Iran's Military Releases New Video of Stealth Fighter Jet, But Can it Fly?

Iranian defense industry leaders revealed the long-awaited F-313 Qaher fifth-generation stealth fighter jet in action, April 15, 2017. Some Western observers, however, have questioned whether the aircraft was capable of flight yet. Irib News Agency/Social Media

Iran showcased its first ever domestically-manufactured stealth fighter jet Monday, but a number of critics in the West have called the aircraft a hoax.

Iran's Qaher F-313 jet was presented by leaders of the nation's defense industry at a ceremony attended by top government officials near the Meherabad Air Base, United Press International reported. Days earlier, Iran's Irib News Agency released footage showing the aircraft making its hardware debut. In the video, the Qaher F-313 performed a taxi test, but did not take off, leading some to speculate as to whether the supposedly high-tech warplane was capable of flight yet.

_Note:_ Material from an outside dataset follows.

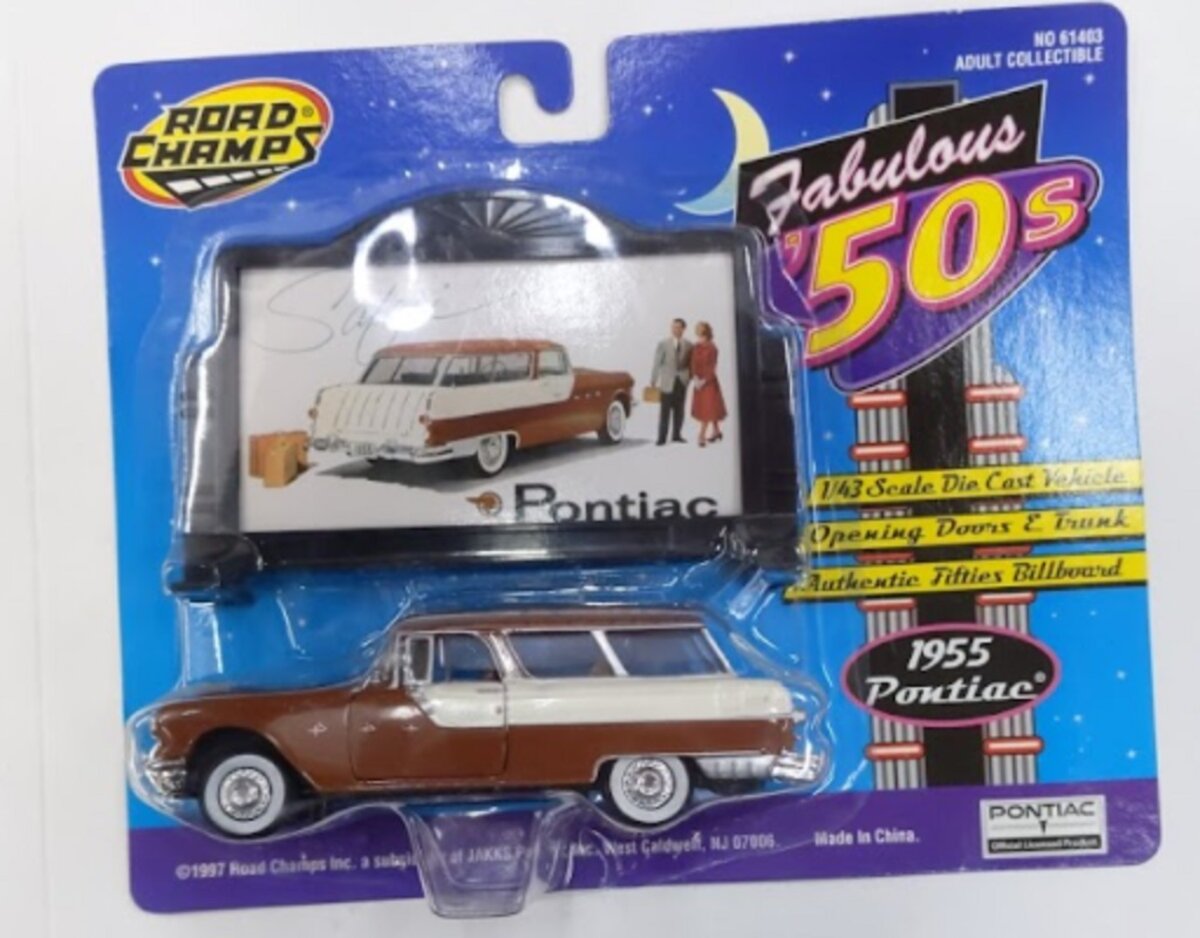 Road Champs 61403 1:43 Brown/Beige 1955 Pontiac Safari W/Billboard Fabulous 50s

Related: Russia Wants to Make Iran Part of Asian Power Bloc, the Shanghai Five

#Iran questionable Qaher F313 "stealth fighter" shown moving under own power some 4 years after being first revealed

— Joseph Dempsey (@JosephHDempsey) April 15, 2017

The Qaher, which means "Conqueror," was first unveiled in February 2013 during a ceremony marking the 34th anniversary of the 1979 Islamic Revolution that brought the current Iranian government into power. The fifth-generation jet was hailed by leaders at the time as a breakthrough for the nation's military, which both Western and Gulf Arab nations have long considered a regional threat.

Western observers, however, noted inconsistencies in the plane's design including apparent errors in cockpit size and the absence of a nozzle for the engine, according to The National Interest. The irregularities caused a number of critics to consider the 2013 model a simple prop.

Saturday's footage showed a different jet than the one previously seen in 2013 and one that was at least capable of being operated on the ground. The black-painted Qaher was approximately 45-feet long with a 17-feet wingspan and large downturned wingtips. The twin-engined jet also bore traditional features of stealth fighters such as facets and edge alignment, according to an article published Friday by Aviation International News. The report said the Qaher seen Saturday may have been radio-controlled or a subscale mockup of the actual design.

Criticism from abroad has not deterred Iran from boasting of its military accomplishments. At Monday's ceremony, the likes of Iranian President Hassan Rouhani and Defense Minister Brigadier General Hossein Dehghan showed up to praise the Qaher, which could be used for short-range aerial support missions and carrying various natively-produced missiles, according to Iran's Tasnim News Agency. Rouhani said the aircraft, along with the weapons Iran planned to fit it with, were proof that Iran would not be intimidated by foreign powers seeking to limit its military capabilities.

"We don't ask for permission from others to reinforce our armed forces, don't ask for permission to manufacture our missiles, our jets," Rouhani said, according to Defense News.